‘Blank check’ for Boston’s White Stadium angers critics, mayor vows to still ‘pay’
Amid an 8% jump in spending and a 10.5% spike in taxes for Boston homeowners, Mayor Michelle Wu vowed the city will stick with a controversial plan to rehab White Stadium to house a pro soccer team “no matter what it costs” to taxpayers.
The project has already seen the city portion of the budget soar, from an initial $50 million projected by Wu, to $91 million and counting. That revision was revealed without any announcement from the corner office, and instead emerged last month at a meeting of the city’s below-the-radar public facilities commission.
Wu, on GBH’s Boston Public Radio Wednesday, made it clear that cost was not a factor for a project the city “very strongly” considers to be “in the public interest,” when asked if she could make a guarantee to city taxpayers that they wouldn’t be on the hook for the cost of construction should it exceed that $91 million price tag.

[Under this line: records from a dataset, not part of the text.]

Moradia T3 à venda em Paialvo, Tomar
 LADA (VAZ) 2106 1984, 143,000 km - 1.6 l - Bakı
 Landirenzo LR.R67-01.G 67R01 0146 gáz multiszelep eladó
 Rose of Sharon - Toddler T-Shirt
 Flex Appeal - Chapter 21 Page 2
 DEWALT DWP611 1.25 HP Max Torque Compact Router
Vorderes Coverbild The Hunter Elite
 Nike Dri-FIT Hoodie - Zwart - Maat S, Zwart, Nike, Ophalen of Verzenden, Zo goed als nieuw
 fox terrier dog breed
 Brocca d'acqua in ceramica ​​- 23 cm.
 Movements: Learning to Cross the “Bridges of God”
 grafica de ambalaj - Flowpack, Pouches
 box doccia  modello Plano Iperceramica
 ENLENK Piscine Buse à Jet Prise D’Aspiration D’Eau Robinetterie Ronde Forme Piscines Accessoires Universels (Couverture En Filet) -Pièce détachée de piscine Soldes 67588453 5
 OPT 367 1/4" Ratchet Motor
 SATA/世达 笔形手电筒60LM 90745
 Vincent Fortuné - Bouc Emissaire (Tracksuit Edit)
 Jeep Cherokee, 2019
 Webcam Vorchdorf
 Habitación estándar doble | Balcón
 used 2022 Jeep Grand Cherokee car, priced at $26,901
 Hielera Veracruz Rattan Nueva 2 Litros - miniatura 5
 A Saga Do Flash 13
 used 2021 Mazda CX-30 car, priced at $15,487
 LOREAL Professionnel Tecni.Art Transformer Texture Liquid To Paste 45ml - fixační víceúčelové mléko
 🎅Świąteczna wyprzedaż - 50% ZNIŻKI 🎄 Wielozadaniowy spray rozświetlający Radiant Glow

“We are going to pay for our half of the stadium, no matter what it costs,” Wu said. “But we’re about to begin construction and we feel that the estimates that we have are going to be in the ballpark of what is needed, and that this overall is going to be a deal that is worth it for generations to come for our city.”
The dilapidated century-old stadium is due to become home for a National Women’s Soccer League team, BOS Nation Football Club, and share the space with Boston Public Schools. The project, however, is facing intense local opposition and is the subject of a lawsuit challenging the shift in the Franklin Park facility to use for a for-profit organization, a privatization claim the city denies.
The mayor’s latest commitment to the project’s ever-rising cost did not sit well with parts of the community. Some critics likened Wu’s remarks to her effectively making a promise to sign a blank check as part of the city’s public-private partnership with Boston Unity Soccer Partners, an all-female ownership group that includes Boston Globe CEO Linda Pizzuti Henry among its investors.
“Boston taxpayers are being asked to write a blank check for the benefit of BOS Nation’s millionaire investors, with no limit to how much this bloated project could ultimately cost us,” Dorchester resident Jessica Spruill said in a statement. “The rush to complete this massive project will certainly lead to additional cost overruns.”
“It’s becoming clearer every day that this deal is a massive giveaway to wealthy private investors, and Boston residents are paying the price,” Spruill added.
Critics, some of whom are plaintiffs in the lawsuit filed against the city and Boston Unity with an initial aim of stopping the stadium tear-down and rehab, seized on Wu’s comments that she would not rule out further construction cost overruns, nor consider more affordable alternatives.
“It’s a little insulting, quite frankly to the taxpayers,” Melissa Hamel, a Jamaica Plain resident and one of the plaintiffs, told the Herald. “We’re expected to keep paying, no matter what, and also pay for property tax increases. So it feels like the mayor has forgotten what her job is, and that is to represent the people who pay the taxes and have elected her.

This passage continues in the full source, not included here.